▸ STORED DATA
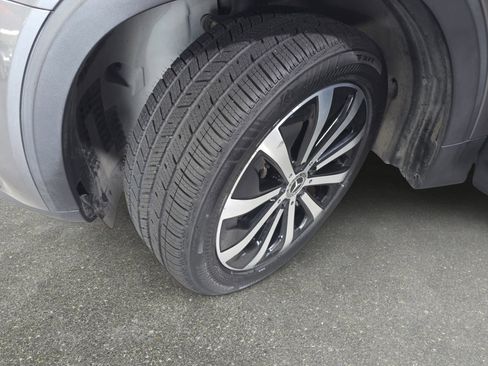 Used 2021 Mercedes-Benz GLB 250 image 31
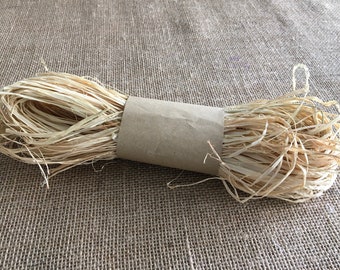Natural Raffia Bundle 25g. Sustainable gift wrapping. Rustic raffia twine. Weaving & Craft Supplies.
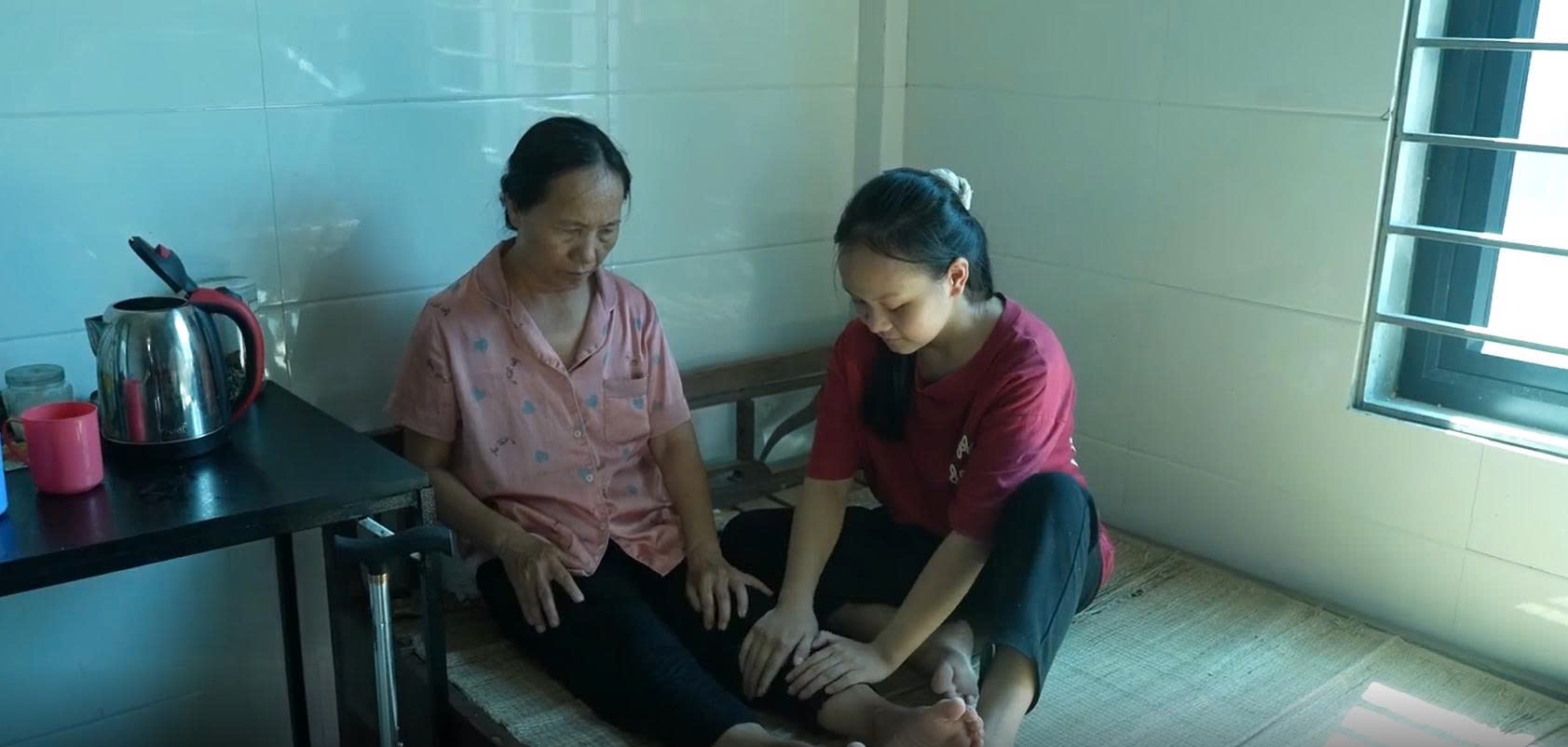Sau biến cố của mẹ, ba chị em Triệu Vy thay nhau làm việc nhà và chăm sóc mẹ
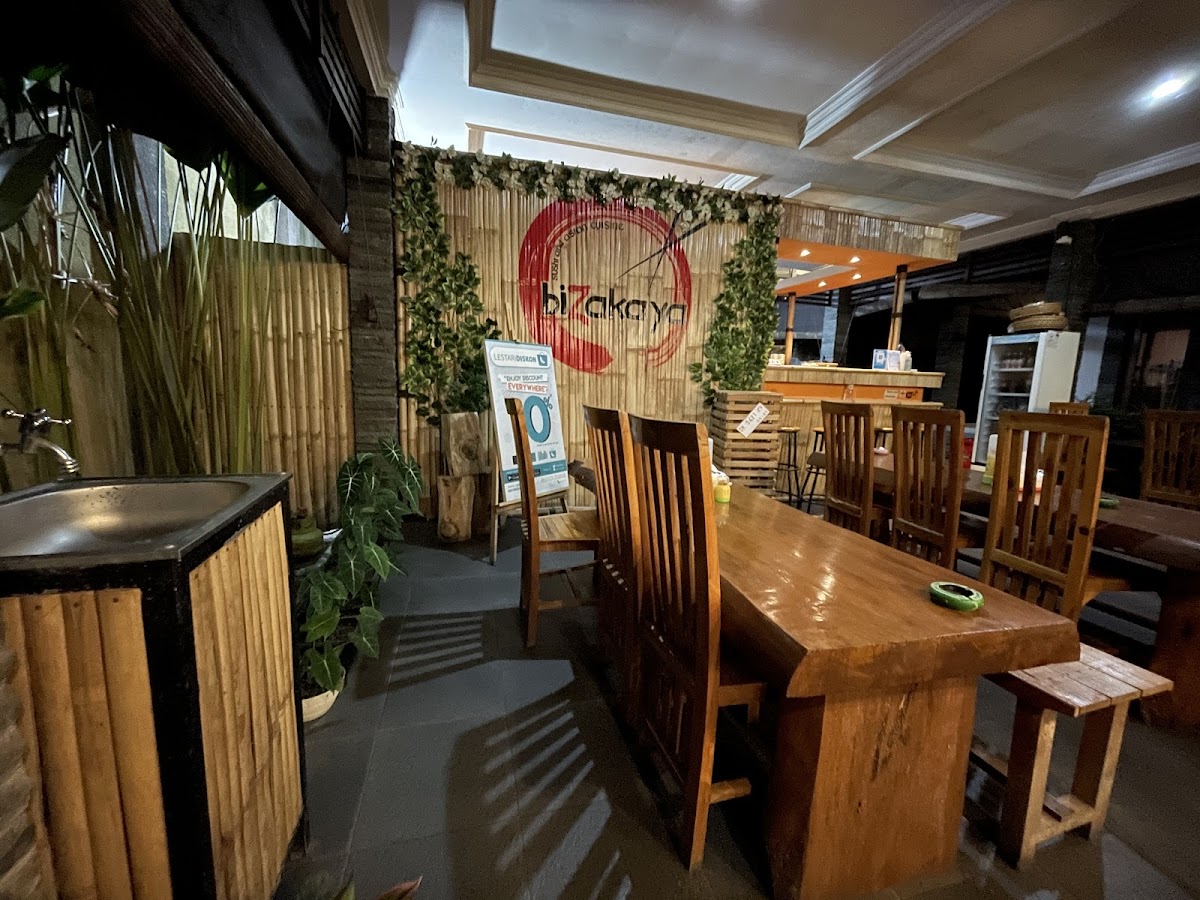 Dapurdede & biZakaya sushi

▸ YOUR GOAL
Write the data above out exactly. Leave out any pictures.

▸ RESPONSE FOR THIS EXERCISE
 Used 2021 Mercedes-Benz GLB 250 image 31
Natural Raffia Bundle 25g. Sustainable gift wrapping. Rustic raffia twine. Weaving & Craft Supplies.
Sau biến cố của mẹ, ba chị em Triệu Vy thay nhau làm việc nhà và chăm sóc mẹ
 Dapurdede & biZakaya sushi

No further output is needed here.